* _WORK ORDER_: From the entries that follow, gather each line holding the word "Photo".

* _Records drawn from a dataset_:
• • • • • • •

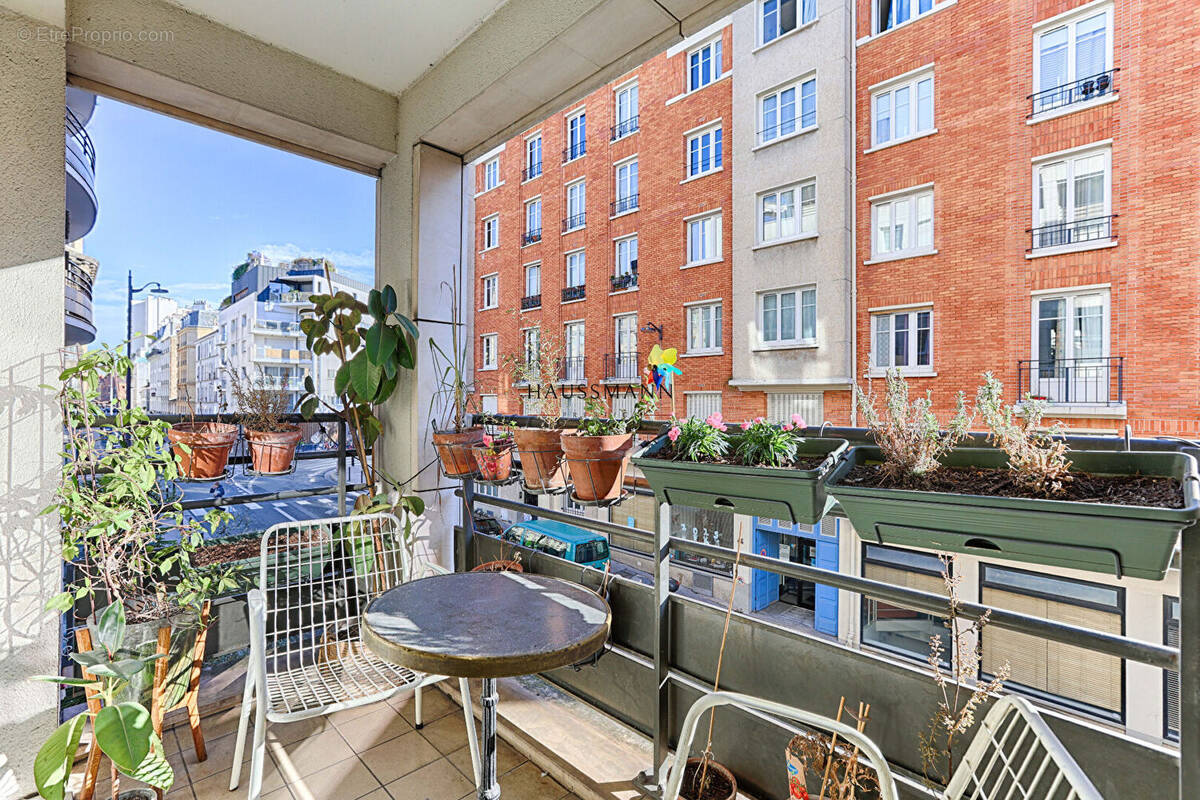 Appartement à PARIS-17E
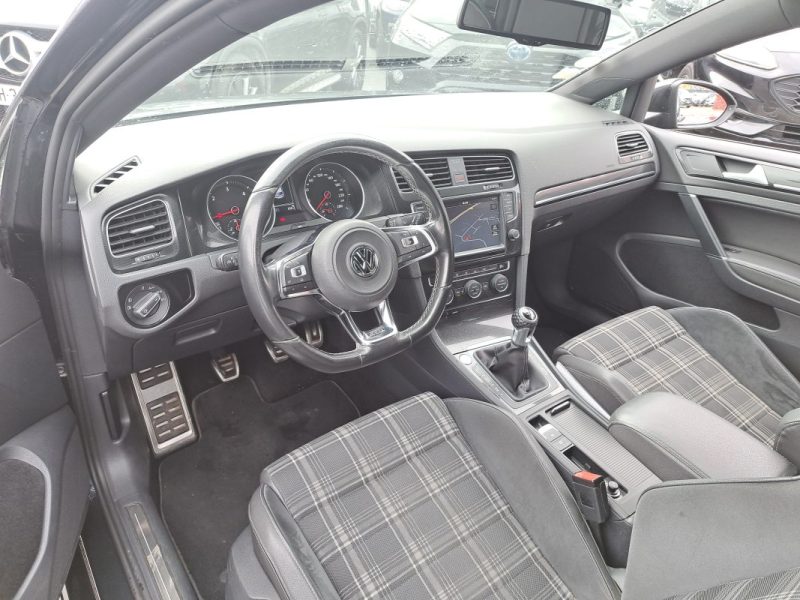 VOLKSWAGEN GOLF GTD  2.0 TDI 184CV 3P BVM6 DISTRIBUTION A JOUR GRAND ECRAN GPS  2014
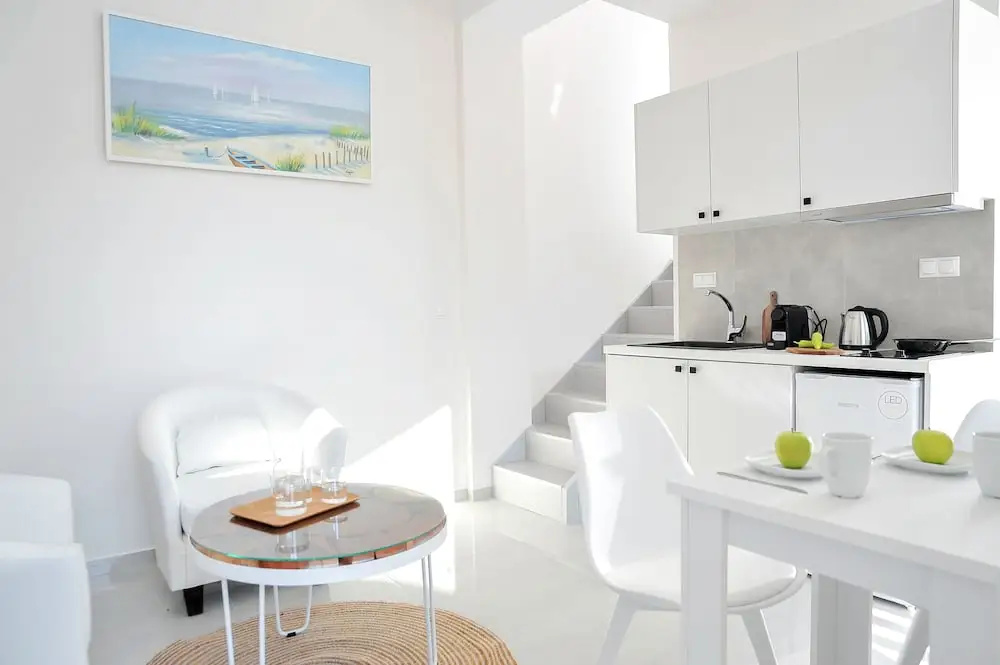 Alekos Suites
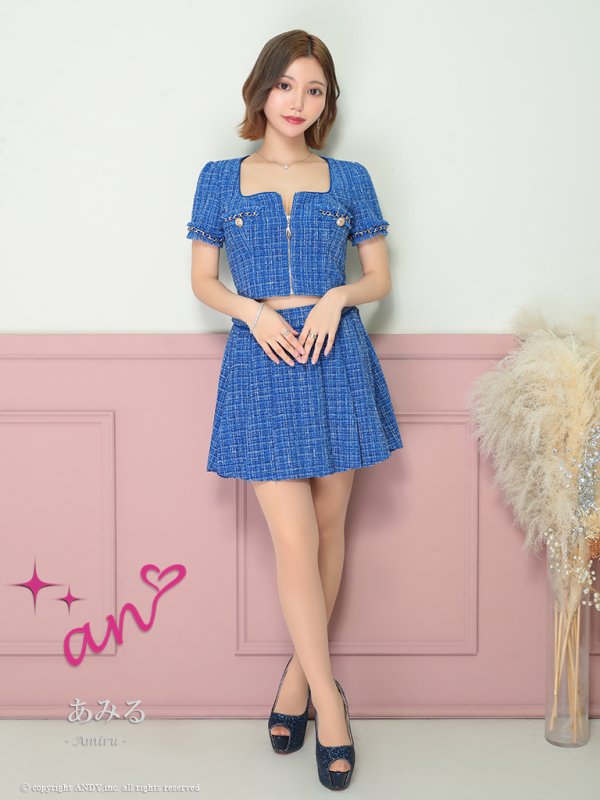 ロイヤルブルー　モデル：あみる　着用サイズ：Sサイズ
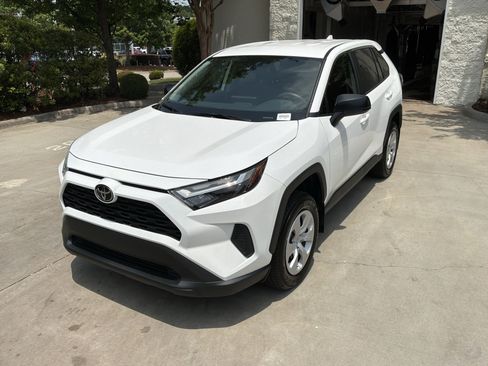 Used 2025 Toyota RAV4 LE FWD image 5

• • • • • • •

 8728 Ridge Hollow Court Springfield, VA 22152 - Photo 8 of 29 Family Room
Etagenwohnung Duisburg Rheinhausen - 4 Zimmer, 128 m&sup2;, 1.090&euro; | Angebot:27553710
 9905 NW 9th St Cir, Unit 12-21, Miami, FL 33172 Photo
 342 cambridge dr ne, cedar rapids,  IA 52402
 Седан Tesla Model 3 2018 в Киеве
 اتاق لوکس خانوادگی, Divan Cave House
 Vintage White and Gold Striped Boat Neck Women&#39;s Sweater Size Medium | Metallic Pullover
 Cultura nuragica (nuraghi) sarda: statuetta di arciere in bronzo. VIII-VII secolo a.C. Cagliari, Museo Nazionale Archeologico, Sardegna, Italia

• • • • • • •

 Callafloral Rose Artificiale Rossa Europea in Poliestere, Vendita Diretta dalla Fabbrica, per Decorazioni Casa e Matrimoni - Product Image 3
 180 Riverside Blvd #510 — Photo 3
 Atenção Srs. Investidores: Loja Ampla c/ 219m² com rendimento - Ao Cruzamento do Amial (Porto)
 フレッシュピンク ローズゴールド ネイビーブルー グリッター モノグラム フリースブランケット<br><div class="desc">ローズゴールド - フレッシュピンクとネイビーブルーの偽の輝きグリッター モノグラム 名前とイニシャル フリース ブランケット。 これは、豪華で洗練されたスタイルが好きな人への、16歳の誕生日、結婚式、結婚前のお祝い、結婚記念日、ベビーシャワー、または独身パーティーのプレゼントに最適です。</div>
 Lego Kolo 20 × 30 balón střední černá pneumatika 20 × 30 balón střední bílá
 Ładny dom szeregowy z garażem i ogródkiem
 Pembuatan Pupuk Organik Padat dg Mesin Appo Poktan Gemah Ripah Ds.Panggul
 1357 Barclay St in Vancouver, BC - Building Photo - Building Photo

• • • • • • •

* _COMPLETED TASK_:
 8728 Ridge Hollow Court Springfield, VA 22152 - Photo 8 of 29 Family Room
 9905 NW 9th St Cir, Unit 12-21, Miami, FL 33172 Photo
 180 Riverside Blvd #510 — Photo 3
 1357 Barclay St in Vancouver, BC - Building Photo - Building Photo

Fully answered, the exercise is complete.